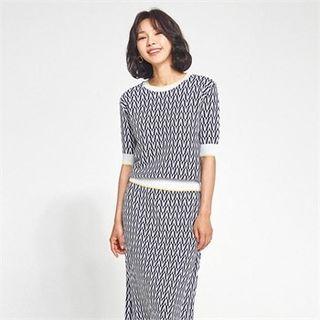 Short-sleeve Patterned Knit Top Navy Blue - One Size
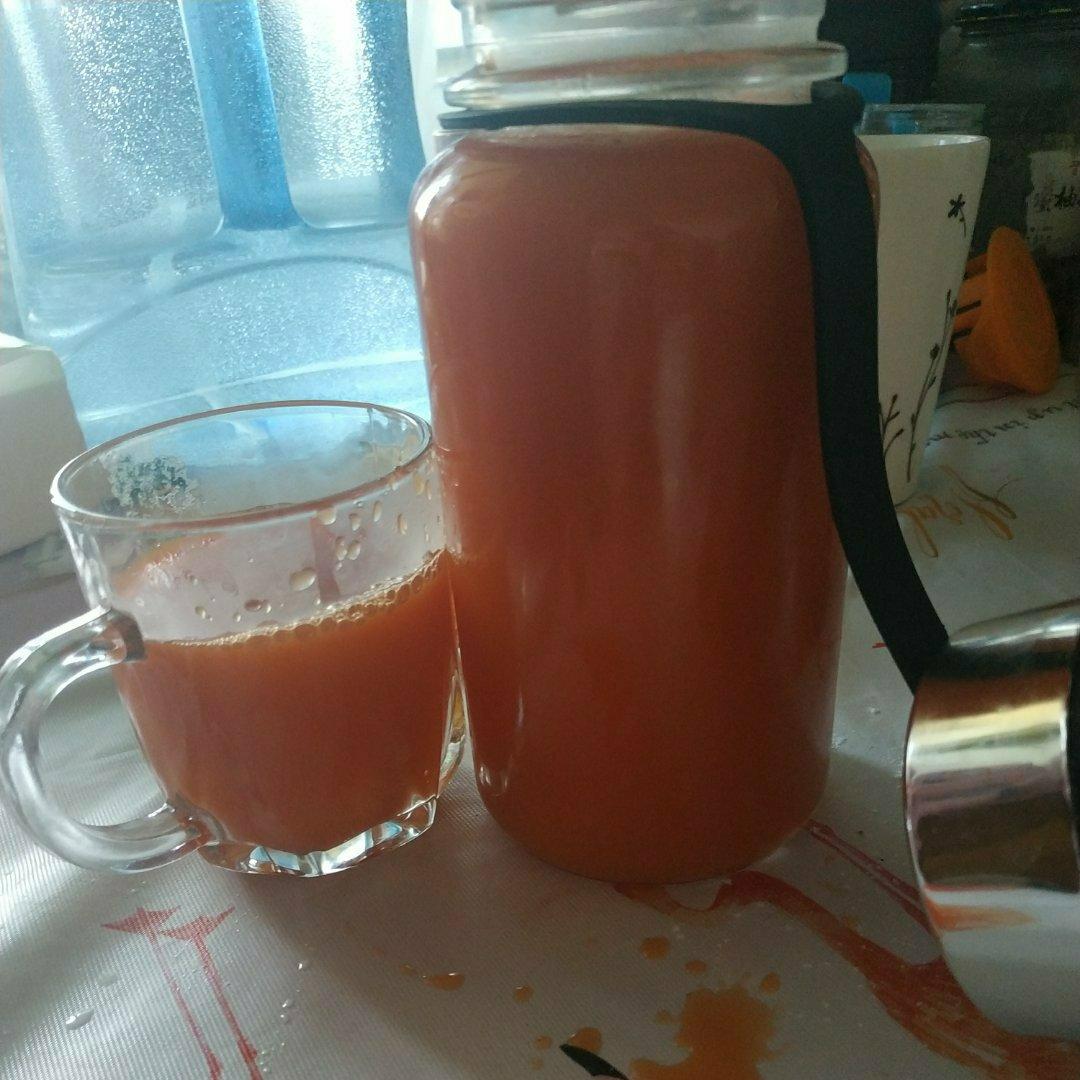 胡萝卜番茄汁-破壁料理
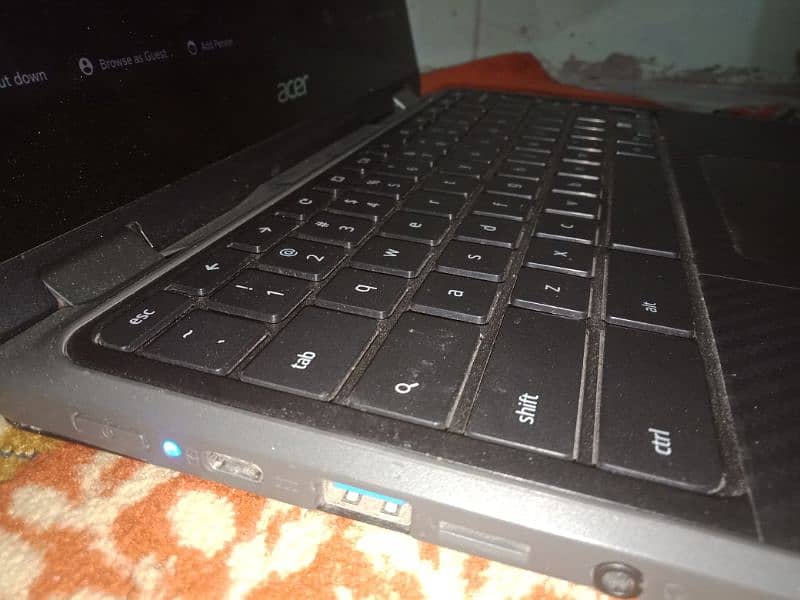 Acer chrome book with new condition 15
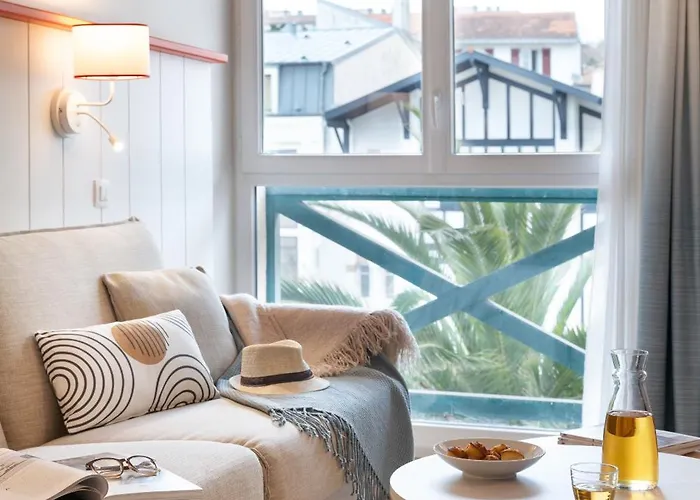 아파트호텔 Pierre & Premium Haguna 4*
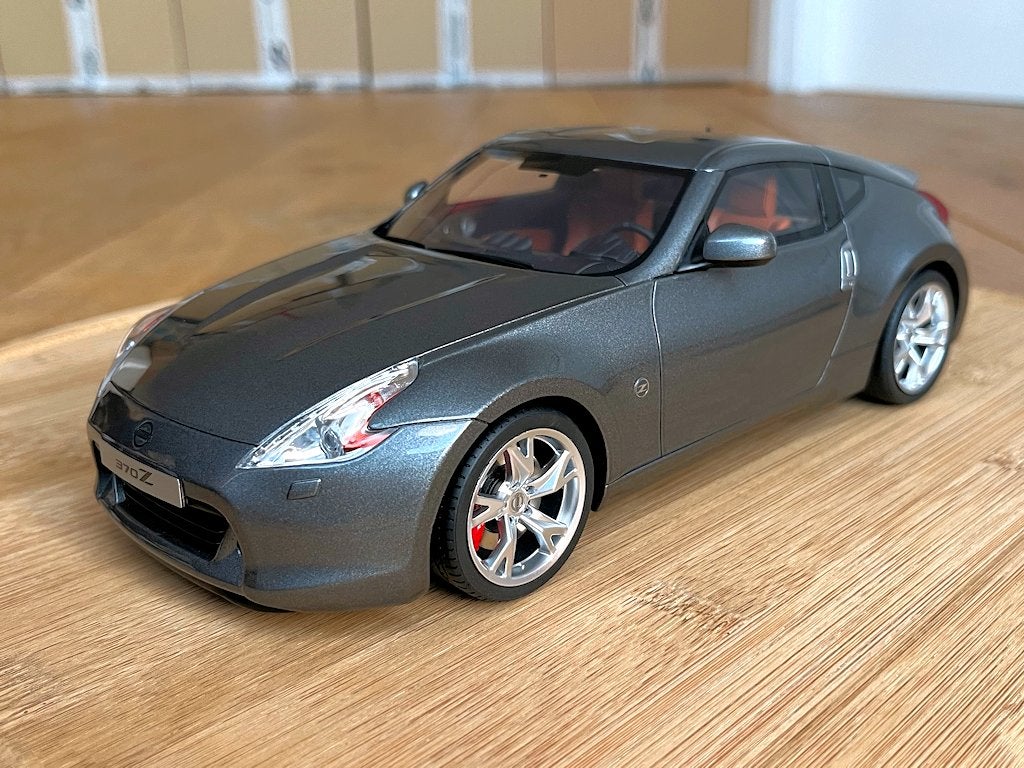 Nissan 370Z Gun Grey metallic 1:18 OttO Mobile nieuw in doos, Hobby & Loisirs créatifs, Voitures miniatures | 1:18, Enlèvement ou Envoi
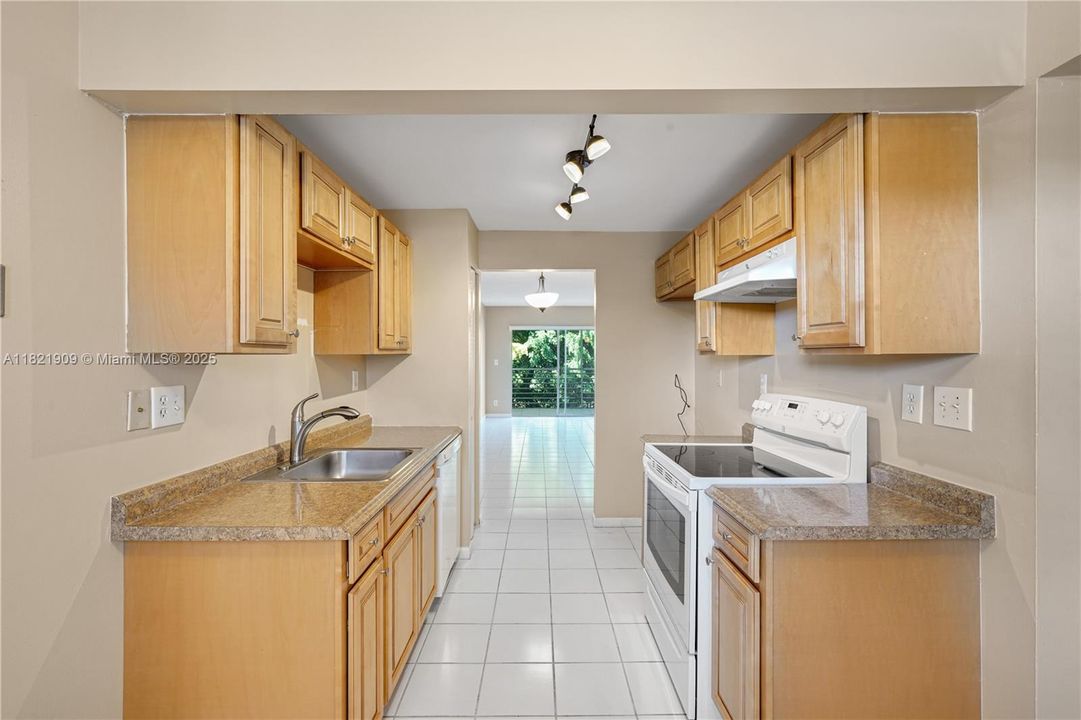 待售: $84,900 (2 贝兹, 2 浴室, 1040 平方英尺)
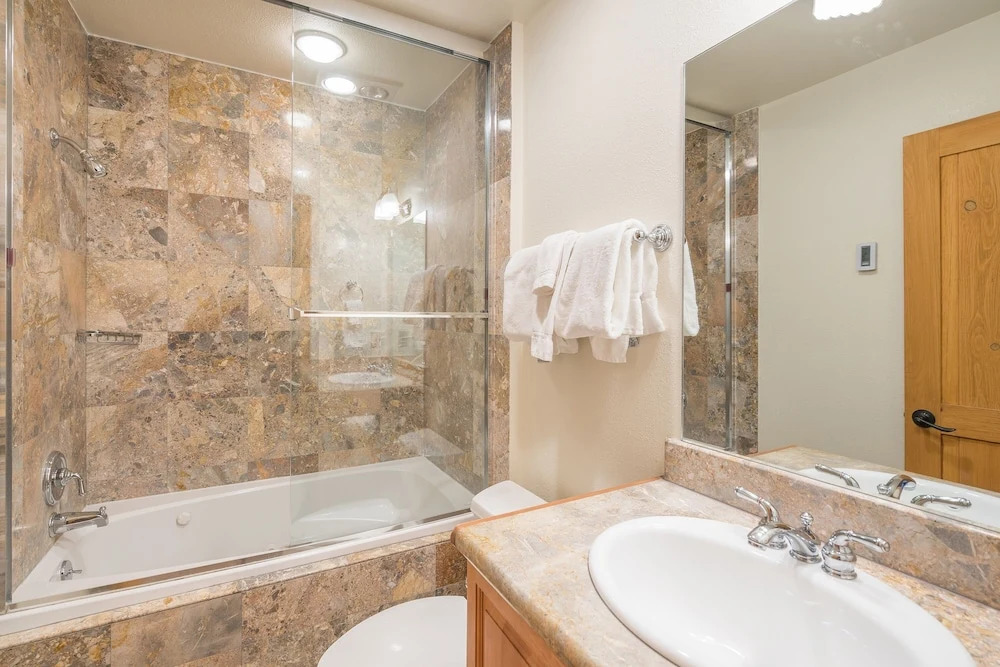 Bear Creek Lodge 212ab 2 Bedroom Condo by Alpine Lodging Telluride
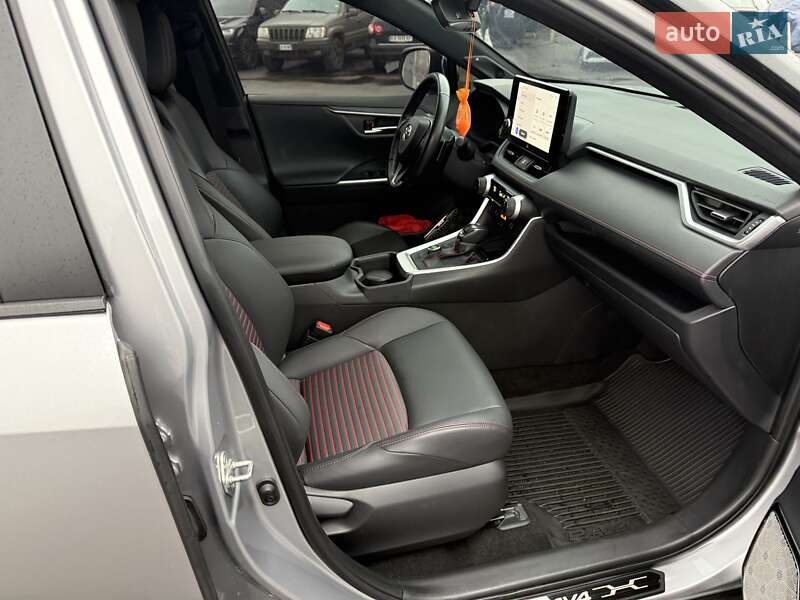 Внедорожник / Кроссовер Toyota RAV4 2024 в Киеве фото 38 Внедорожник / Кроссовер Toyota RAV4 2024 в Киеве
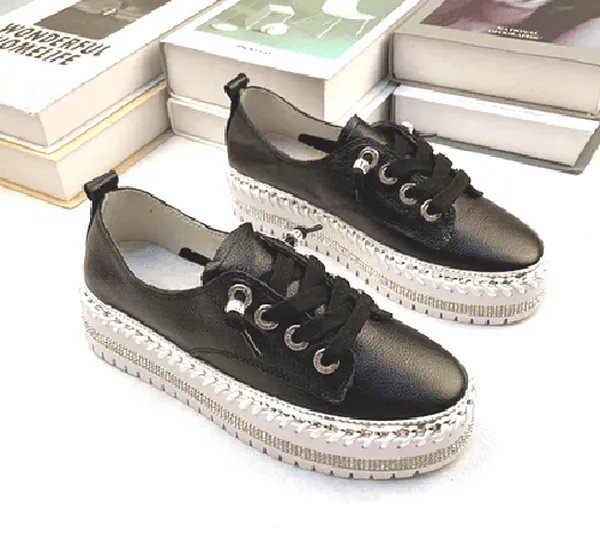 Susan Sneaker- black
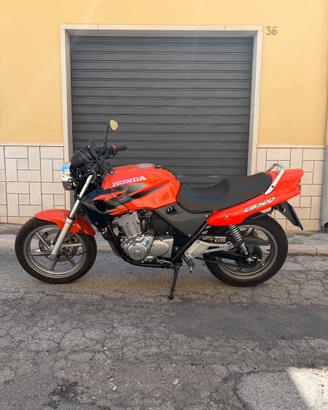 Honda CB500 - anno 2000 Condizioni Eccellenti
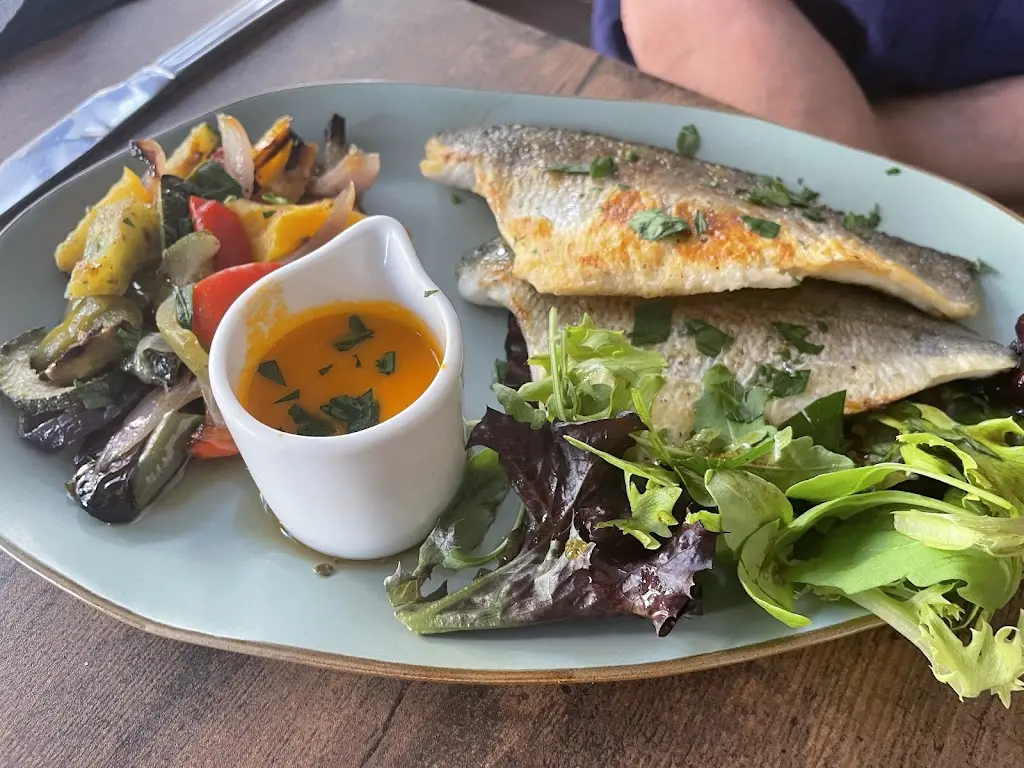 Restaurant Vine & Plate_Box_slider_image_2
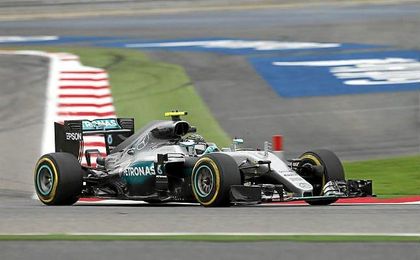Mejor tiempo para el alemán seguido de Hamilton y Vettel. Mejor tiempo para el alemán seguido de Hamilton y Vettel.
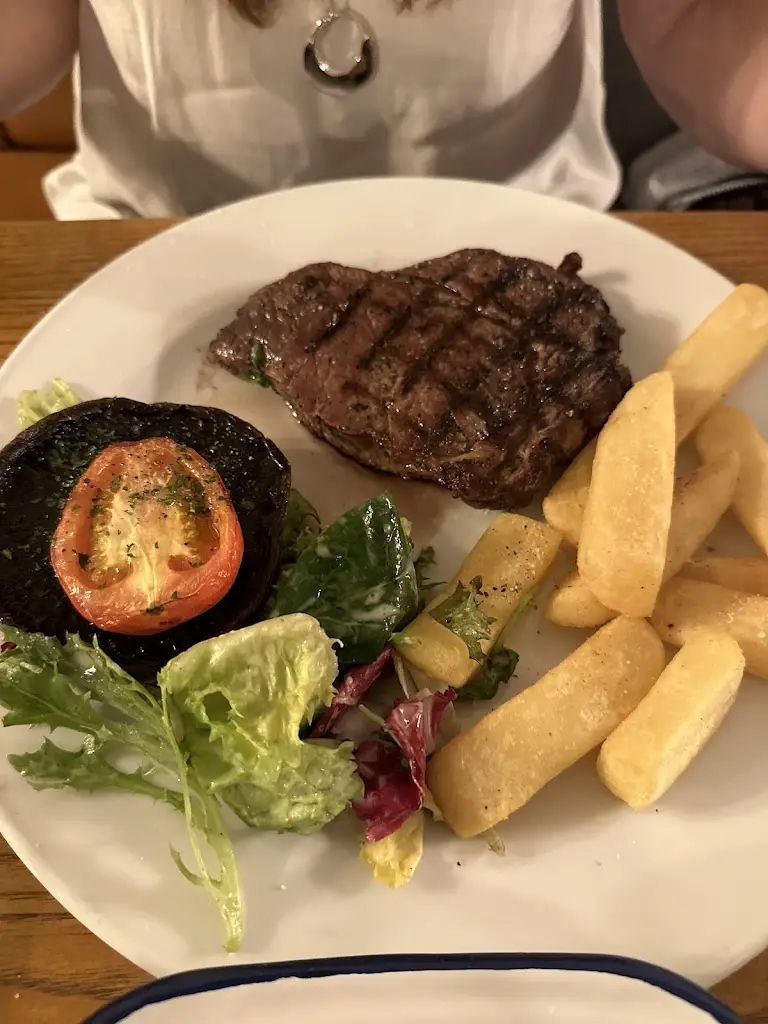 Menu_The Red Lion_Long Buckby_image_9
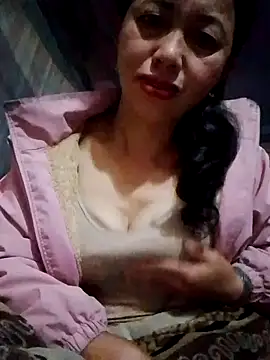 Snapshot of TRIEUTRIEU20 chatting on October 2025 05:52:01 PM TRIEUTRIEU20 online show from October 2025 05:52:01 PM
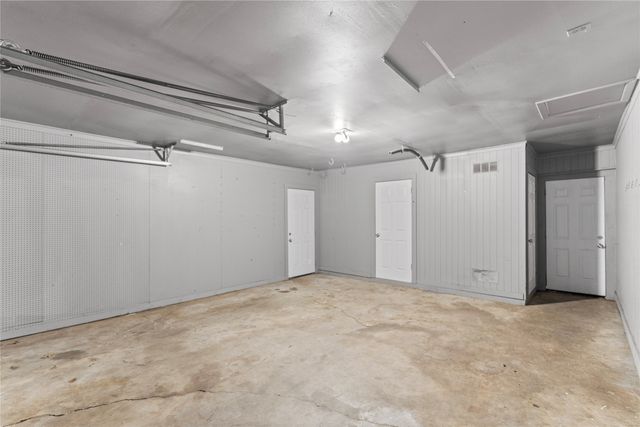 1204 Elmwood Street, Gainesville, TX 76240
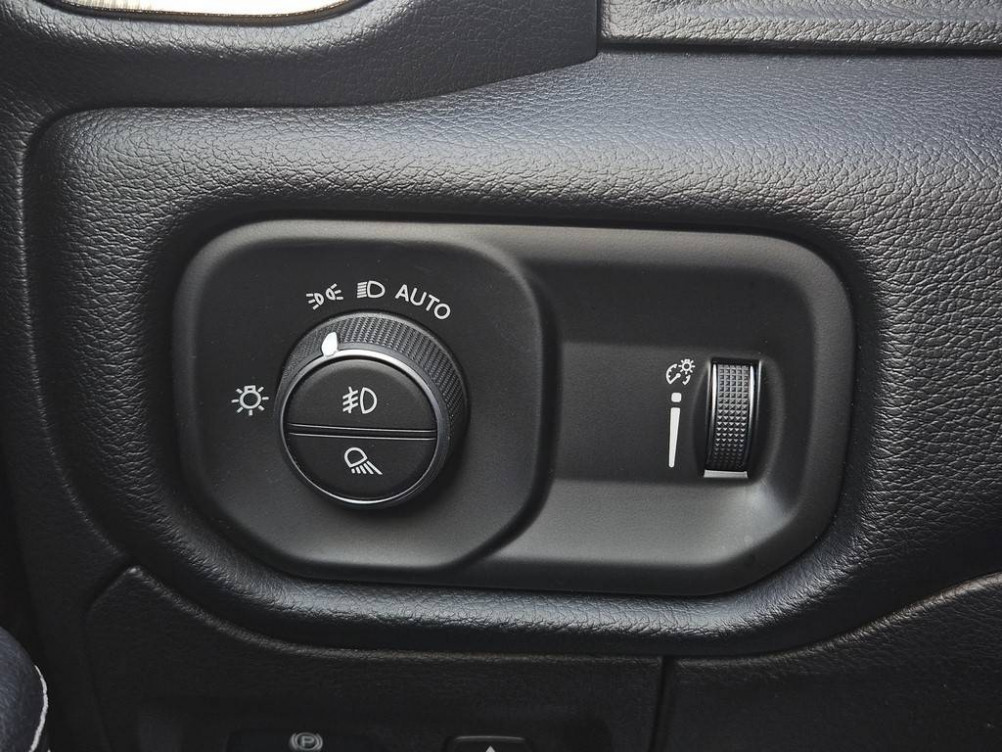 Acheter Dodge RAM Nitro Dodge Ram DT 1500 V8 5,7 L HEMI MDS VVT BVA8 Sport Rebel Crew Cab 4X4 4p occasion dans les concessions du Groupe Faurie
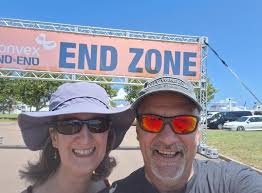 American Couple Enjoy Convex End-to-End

----

▶ **Required work**:
Your job is to restate, word for word, only the lines from the one holding "Menu_The Red Lion_Long Buckby_image_9" through the end of the material; pictures stay out.

▶ **Written solution**:
 Menu_The Red Lion_Long Buckby_image_9
 Snapshot of TRIEUTRIEU20 chatting on October 2025 05:52:01 PM TRIEUTRIEU20 online show from October 2025 05:52:01 PM
 1204 Elmwood Street, Gainesville, TX 76240
 Acheter Dodge RAM Nitro Dodge Ram DT 1500 V8 5,7 L HEMI MDS VVT BVA8 Sport Rebel Crew Cab 4X4 4p occasion dans les concessions du Groupe Faurie
 American Couple Enjoy Convex End-to-End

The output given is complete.